What’s the big deal about Trump Mortgage?

Trump detractors are having a field day with Trump Mortgage, a now-defunct company the Republican frontrunner launched at the worst possible time

It’s looking more and more like Donald Trump’s prediction last month that he will win the Republican nomination is going to come true. But Trump’s detractors are gleefully pointing out a time when his prognostications didn’t turn out so well.

Following a scathing Trump segment Sunday on John Oliver’s Last Week Tonight, everyone is talking about Trump Mortgage, the brokerage business that The Donald launched at perhaps the worst possible time in history.

Trump Mortgage launched in 2006. At the time, Trump told a CNBC interviewer, “I think it’s a great time to start a mortgage company.”

It wasn’t.

Despite Trump’s prediction that “the real estate market is going to be very strong for a long time to come,” Trump Mortgage closed after just 18 months, leaving behind unpaid bills and a “spotty sales record,” the Washington Post reported.

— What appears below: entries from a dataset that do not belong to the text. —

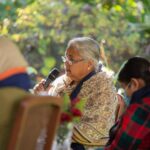 Sushila Karki, former judge and the first female interim prime minister of Nepal elected via Discord, at the Summit for Democracy organised by the US Embassy in Kathmandu in 2021. She is seated with a microphone in her hand next to two other women who are out of focus. In the background, the garden where the event is taking place.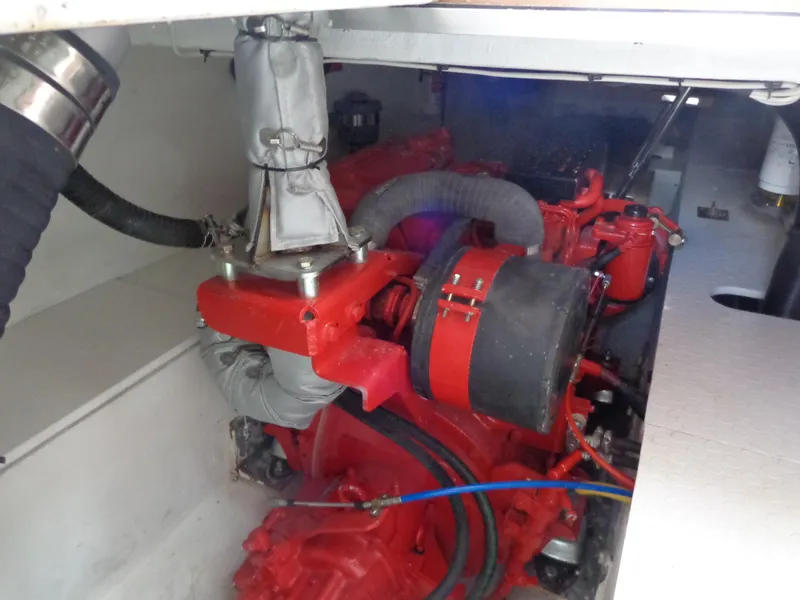 Slide: The Image of 2020 SeaPiper Pilothouse engine compartment with red machinery and hoses. - 36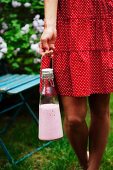 Frau trägt Flasche mit Nektarinen-Himbeer-Smoothie im Garten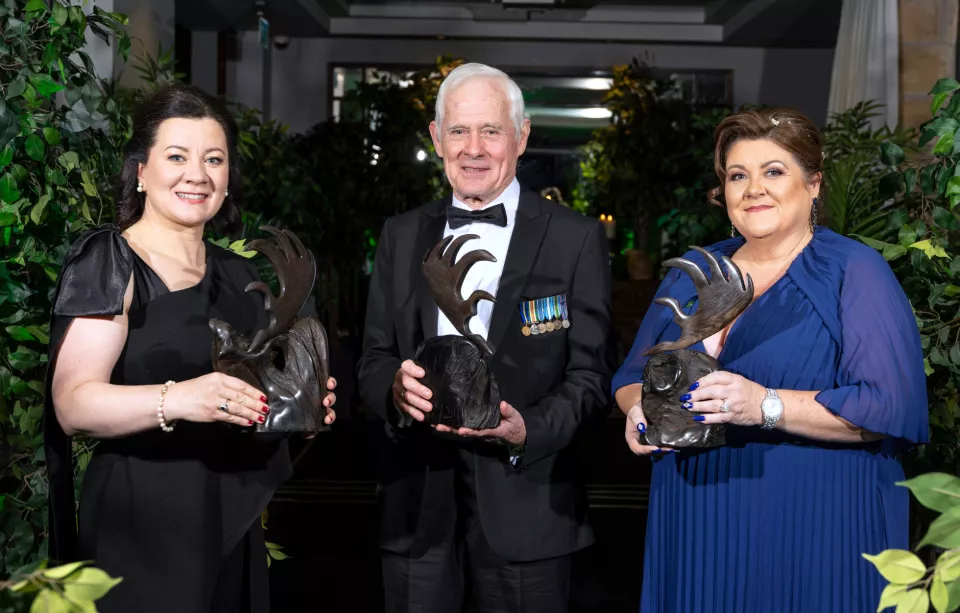 2022 UL Alumni Award Recipients holding their awards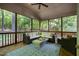 Inviting screened porch featuring comfortable wicker seating and views of the serene, wooded surroundings at 215 Hopesworth Ct, Hillsborough, NC 27278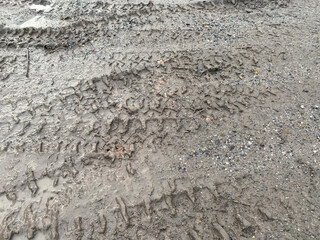 dirty mud road with footprints in the middle of the road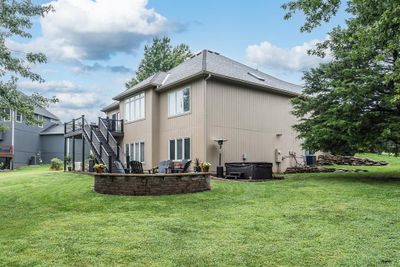 Back of property featuring a hot tub, a wooden deck, a patio area, cooling unit, and a lawn | Image 3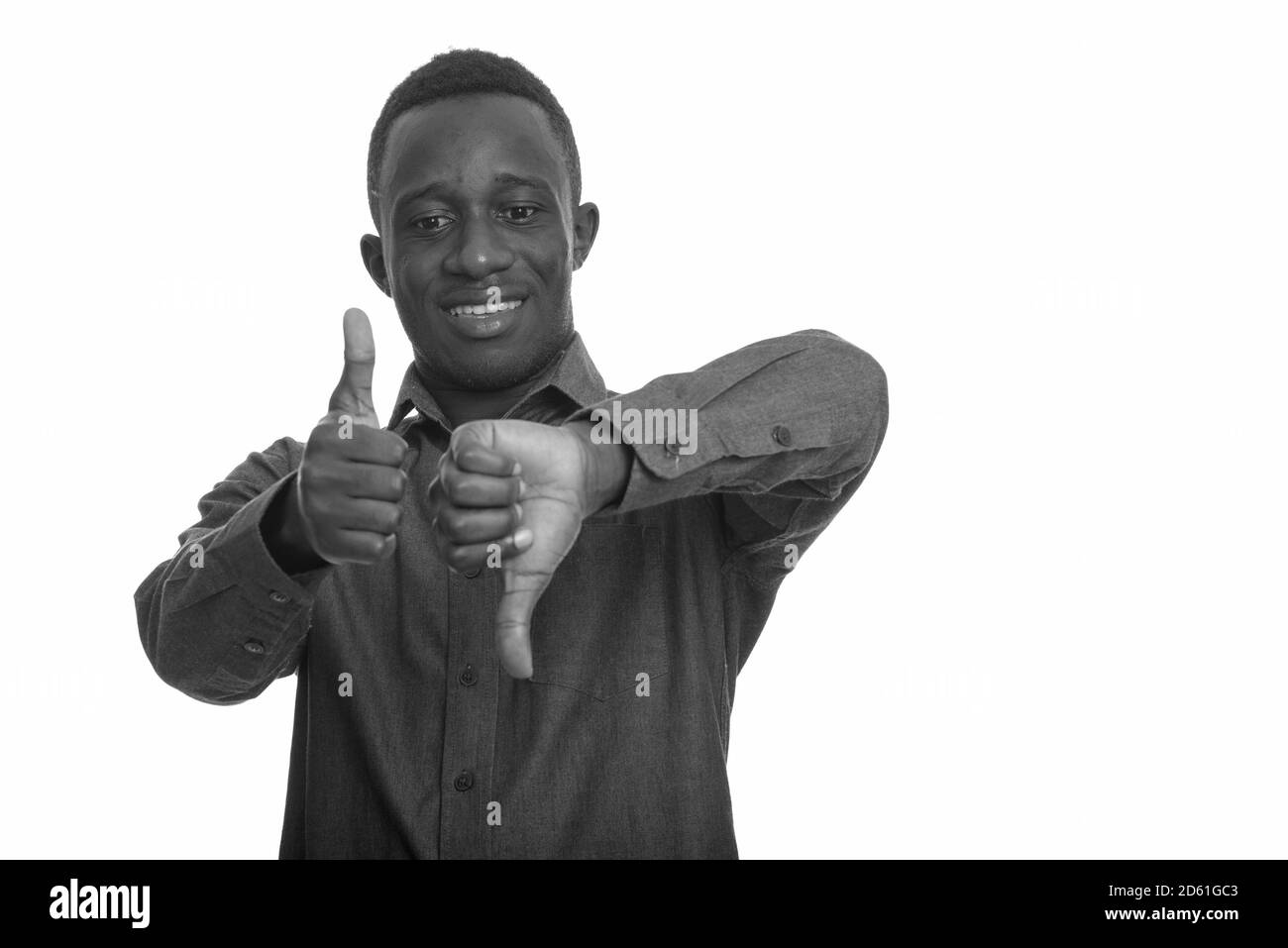 I giovani africani felice uomo sorridente mentre dando i pollici in su e in giù Foto Stock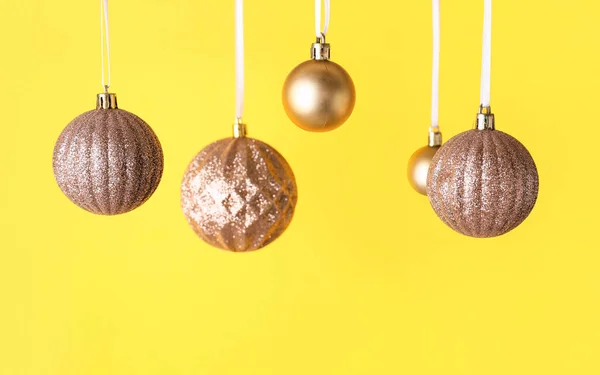 Golden Christmas Balls Yellow Background Closeup — Stock Photo, Image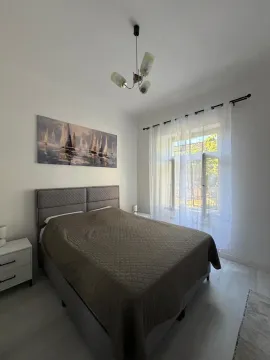 Spavaća soba sa bračnim krevetom, noćnim stočićima i prozorom sa bijelim zavjesama. - image 8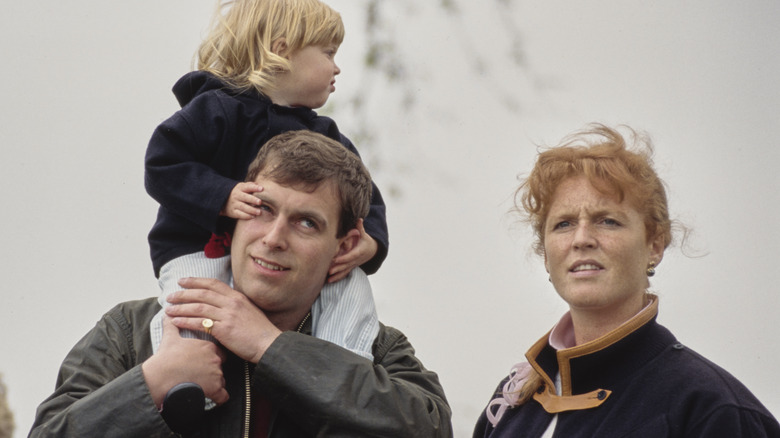 Princess Beatrice on Prince Andrew's shoulders, Sarah Ferguson serious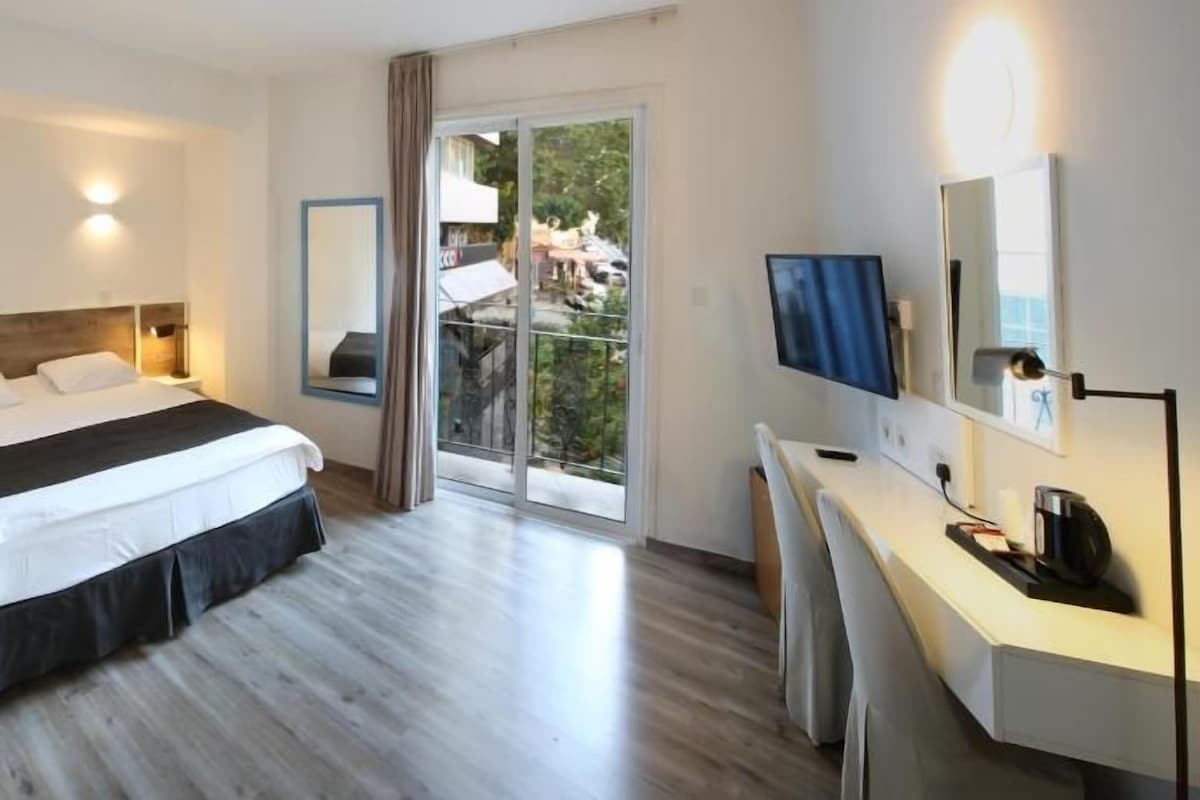 Hotellihuone, jossa on sänky, yöpöydät, työpöytä tuolilla, televisio ja parveke, jolta on näkymä.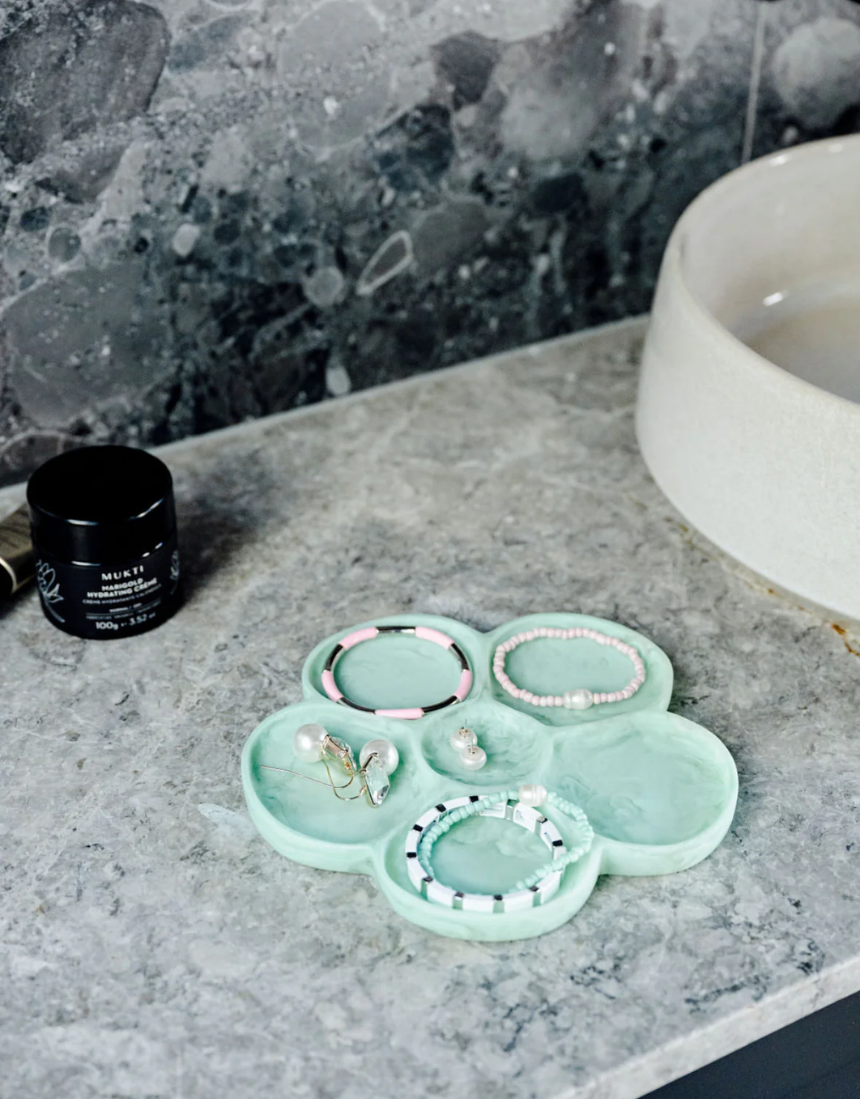 Greenwood Designs flower-shaped jewelry tray in mint color, perfect for organizing rings and necklaces.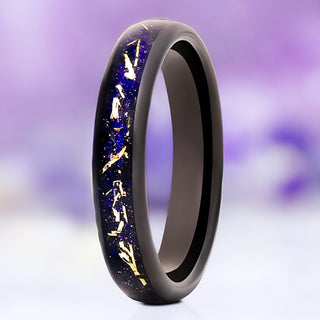 Starry Night Stardust wedding band in black tungsten carbide, 4mm, standing upright with gold leaf flakes scattered through the sparkling midnight-blue sandstone inlay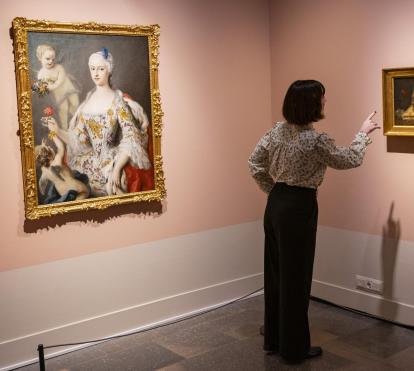 Una dona admirant algunes de les obres presents a l'exposició «La botànica en l'art» a CaixaForum Girona.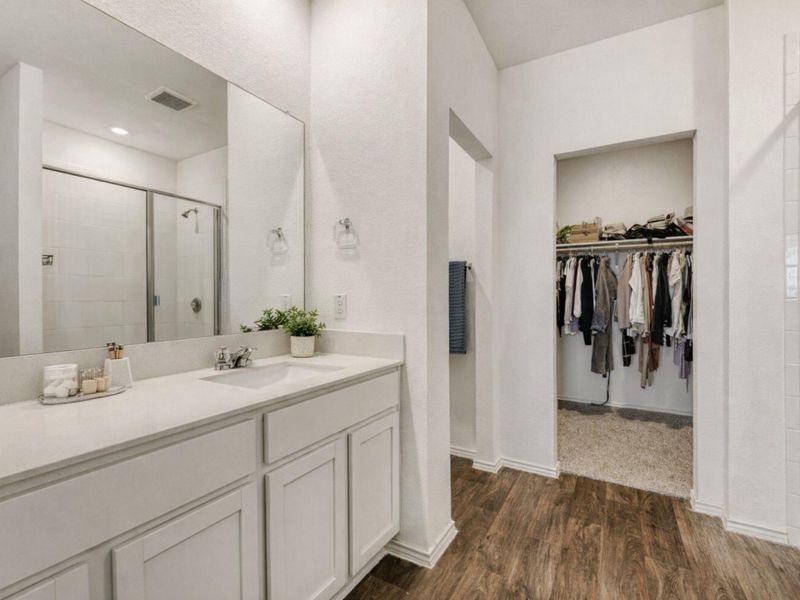 Bathroom featuring a spacious closet, vanity, a shower stall, and dark wood-style flooring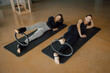 © BASILICOSTUDIO STOCK - Top angle of Two sporty attractive woman doing toning pilates exercise for legs and abs with Magic circle, Pilates Yoga Ring. Wearing sportswear, at Fitness studio, center, gymnasium.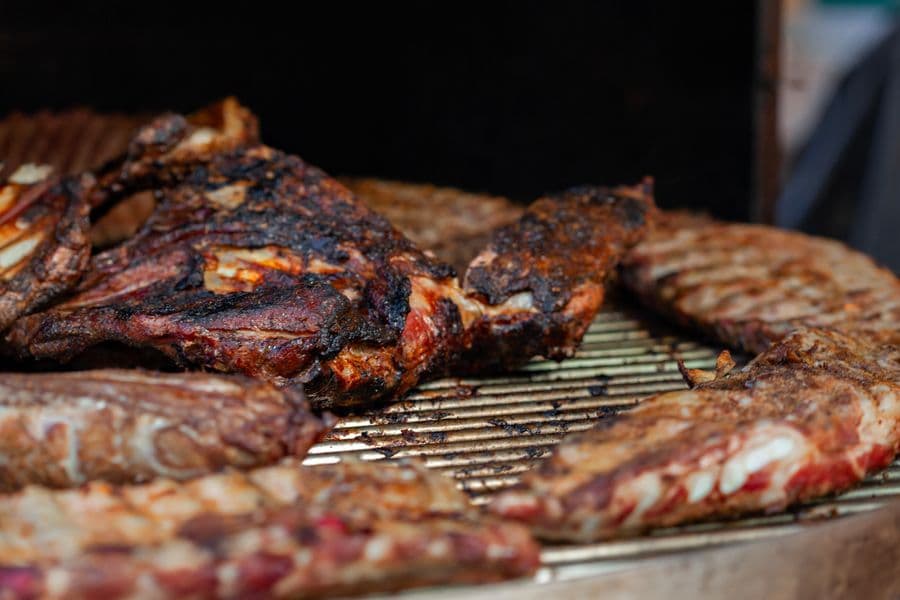 Seasoned meat charring on a barbecue
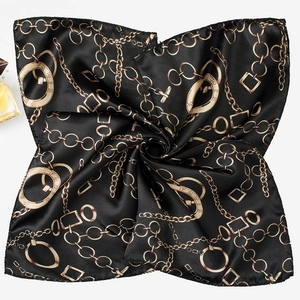 Detail shot of 50cm square silk scarf with golden chain print and PARIS lettering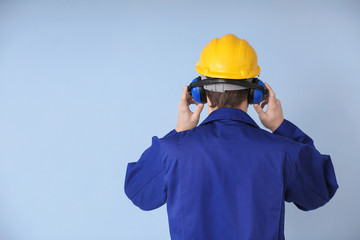 Male worker with headphones on grey background. Hearing protection equipment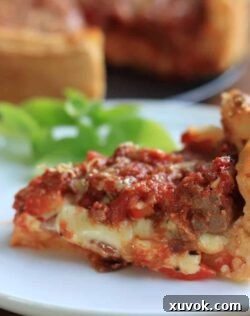 Deep Dish Pizza by Sugar Salt Magic - Chicago style Pizza Pie. A thick layer of mozzarella, pepperoni and sausage all topped off with a homemade pizza sauce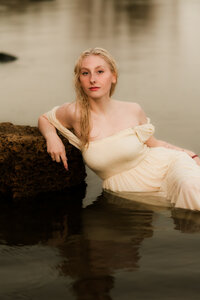 Senior girl in an off-shoulder dress posing in a calm lake during a natural light portrait session in Minneapolis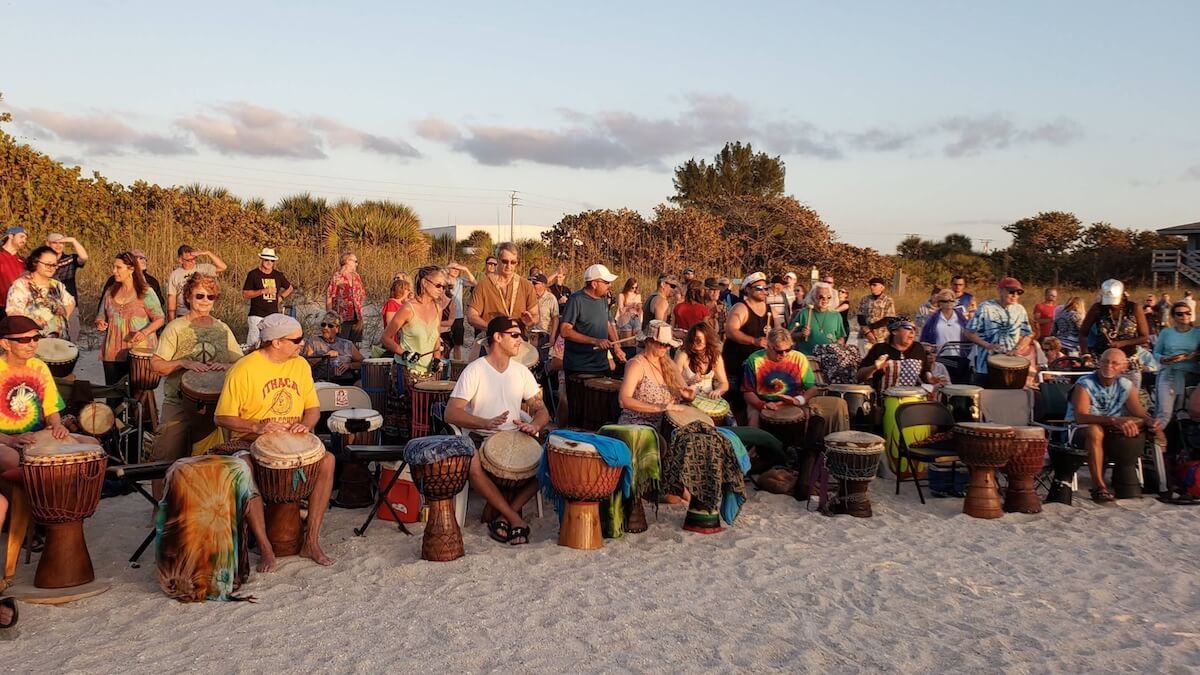 Dozens of drummers playing djembes on the sand at the Nokomis Beach drum circle near sunset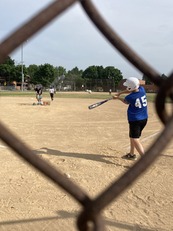 Baseball player through fence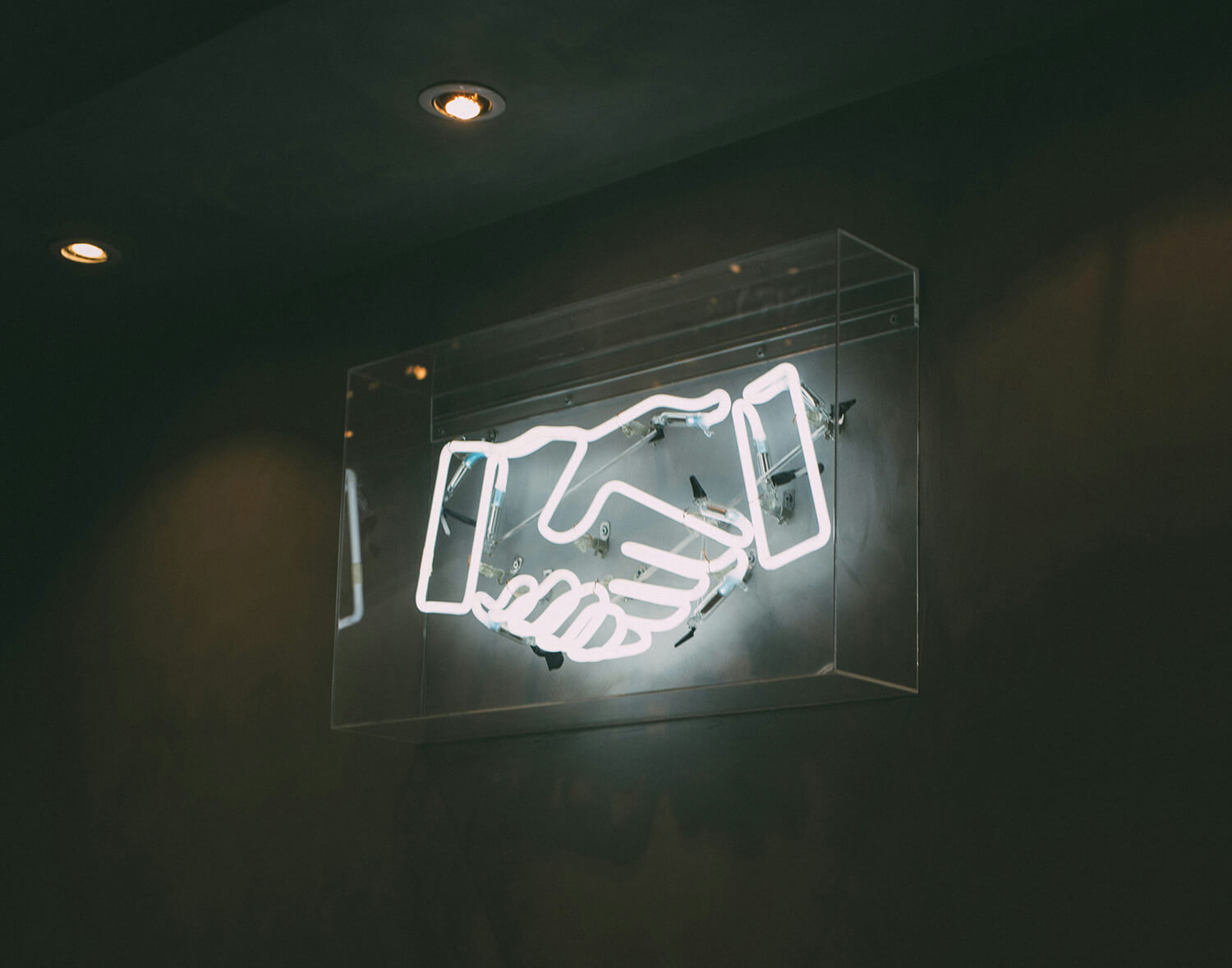 Electric sign of two hands in a handshake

The company was the victim of the housing meltdown – and, of course, so were many other companies. Despite initial projections that the company would draw in $3 billion in U.S. transactions and eventually move into mortgage lending, Trump Mortgage shuttered after reaching only a third of its target volume. 

At the time, Trump blamed the company's employees for its failure.

“We weren’t happy with them and we terminated them based on the fact they were not doing what they said they were going to do,” he said.